Main Session
Sep 28
PQA 01 - Radiation and Cancer Physics, Sarcoma and Cutaneous Tumors

2096 - Comparison of Two Dose Calculation Algorithms to In Vivo Dose Measurements for Cardiac Implantable Electronic Device Located at Distances Less than 10 Cm from Field Edge in External Beam Radiation Therapy

02:30pm - 04:00pm PT
Hall F
Screen: 7
POSTER

Presenter(s)

Karolyn Hopfensperger, PhD - University of Michigan, Ann Arbor, MI

K. Hopfensperger, A. Taylor, and A. Moncion; Department of Radiation Oncology, University of Michigan, Ann Arbor, MI

Purpose/Objective(s): AAPM TG-203 is frequently used as a guide for the management of patients with cardiac implantable electronic devices (CIEDs). The report indicates that in vivo measurements should be used to confirm treatment planning system (TPS) dose estimates for CIEDs located between 3 and 10 cm from the edge of the external beam radiation therapy (EBRT) treatment field. This study compares two commonly used treatment planning algorithms, Anisotropic Analytical Algorithm (AAA, v16.1.0) and Acuros XB (AXB, v16.1.0), to determine if TPS dose calculations provide a reasonable estimate of total max dose to CIEDs over the course of treatment, which could result in time savings, reduced cost, and accelerate clinical decision-making regarding managing CIEDs during EBRT treatments.

Materials/Methods: A retrospective analysis of 102 treatment plans from 91 patients treated from 2017-2024 with EBRT were considered.
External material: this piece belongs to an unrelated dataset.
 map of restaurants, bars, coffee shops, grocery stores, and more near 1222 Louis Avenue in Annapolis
All patients had CIED-to-field edge distances of less than 10 cm, with the minimum distance being 0 cm (direct overlap of the CIED with edge of field). Patients were treated with static gantry IMRT (10), VMAT (75), or 3D-CRT (17). All plans were originally calculated with AAA and re-calculated using the AXB algorithm at the time of study. In vivo measurements were taken with OSLDs (71), TLDs (28), or film (3) for the first fraction of treatment and the results used to calculate the total dose to the CIED. The percentage difference between the TPS estimated total max dose and in vivo measurements, and the difference between AAA and AXB estimated total max dose, were calculated.
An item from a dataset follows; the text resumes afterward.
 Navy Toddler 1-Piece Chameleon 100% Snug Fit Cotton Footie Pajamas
Results: Sixty-six percent of in vivo doses were lower than the TPS max dose calculated with AAA, while 57% of in vivo doses were lower than the TPS max dose calculated with AXB. Of the measurements that had higher in vivo dose than TPS dose, all measured doses were below the 5 Gy threshold recommended by TG-203. Of the measurements that had higher in vivo dose than TPS dose, the median (95% confidence interval (CI)) dose difference was 0.35 Gy (0.22 Gy, 0.44 Gy) and 0.36 Gy (0.25 Gy, 0.51 Gy) for AAA and AXB, respectively. Both algorithms showed strong correlation with in vivo measurements, with Spearman correlation coefficients of 0.83 (p<0.0001) and 0.80 (p<0.0001) for AAA and AXB, respectively. The median difference (95% CI) between AAA and AXB was 0.05 Gy (0.01 Gy, 0.09 Gy). There were no reported device failures due to radiation.

Conclusion: These results indicate that while there is still uncertainty with TPS calculated doses to CIED in both algorithms, in vivo measurements confirm that cardiac devices are unlikely to exceed the 5 Gy threshold in clinical cases. Additionally, there is very good agreement between AAA and AXB for out-of-field dose calculations. Further analysis is warranted to assess which treatment parameters (e.g., plan complexity, monitor units, etc.) are predictors for higher CIED dose, and can further be used to make informed decisions on which patients should receive in vivo dosimetry for their CIED.